We need a giggle icon


----------



## ◄ Jess ► (Apr 21, 2010)

If you click on the topic, you'll see it was actually started by a member named Sheldon, not Ann. (Although now I would really like to see mods moderating each other! A ban here, a locked topic there...it would be chaos!)


----------



## Betsy the Quilter (Oct 27, 2008)

Sanity is a requirement?    Oops!

Betsy


----------



## luvmy4brats (Nov 9, 2008)

T.L. Haddix said:


> OP, you jest, but I've seen forums torn apart because of moderator egos. The folks here are awesome - and I don't know how they ride herd on this place and stay sane!


Who says we're sane?


----------



## VictoriaP (Mar 1, 2009)

Luvmy4brats said:


> Who says we're sane?


Betsy & Ann might be sane. Luv? Not so much.


----------



## intinst (Dec 23, 2008)

VictoriaP said:


> Betsy & Ann might be sane. Luv? Not so much.


All I know is that they they must be "crazy" about KindleBoards to spend as much time and effort as they do.


----------



## luvmy4brats (Nov 9, 2008)

Notice that Betsy and I posted our comments 3 seconds apart... Sanity wasn't part of the moderator contract we signed.... The one that promised 90 days paid vacation a year, free ebooks for life, and an all expenses week long stay on Harvey's catamaran.... Which reminds me.. Harvey, we need to talk 



VictoriaP said:


> Betsy & Ann might be sane. Luv? Not so much.

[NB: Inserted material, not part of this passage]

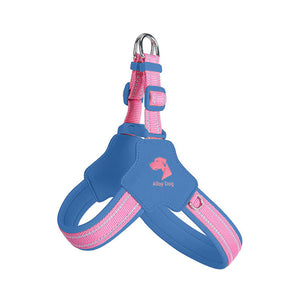 Aqua Blue and Candy Pink step-in mesh dog harness with reflective trim and adjustable straps.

Ha! Show's what little you know.. I've met them, Betsy's a crazy as I am... Ann, well, she's kinda intimidating. At our last lunch together, I had one of the BRATs sit between us  She has a stick... She says it's a recorder, but it looks like it would hurt if she whapped us with it...


----------



## Ann in Arlington (Oct 27, 2008)

I'm not sure why I keep getting so much grief!  I'm totally the quiet one in my family.  Ask anyone. I should delete all your all comments!  Libel!  (Or is is slander. . . I get those confused.  )

I will admit it's probably true that I spend more time here than is wholly healthy. . . . especially in the last few days with the release of the new Kindle models!


----------



## geoffthomas (Feb 27, 2009)

I would posit that the moderators are wonderful, fair-minded people who kiss babies and love cats and dogs.

And just remember that they can make you disappear!



Just sayin......


----------



## *DrDLN* (dr.s.dhillon) (Jan 19, 2011)

I must say that moderators on these boards are quite reasonable.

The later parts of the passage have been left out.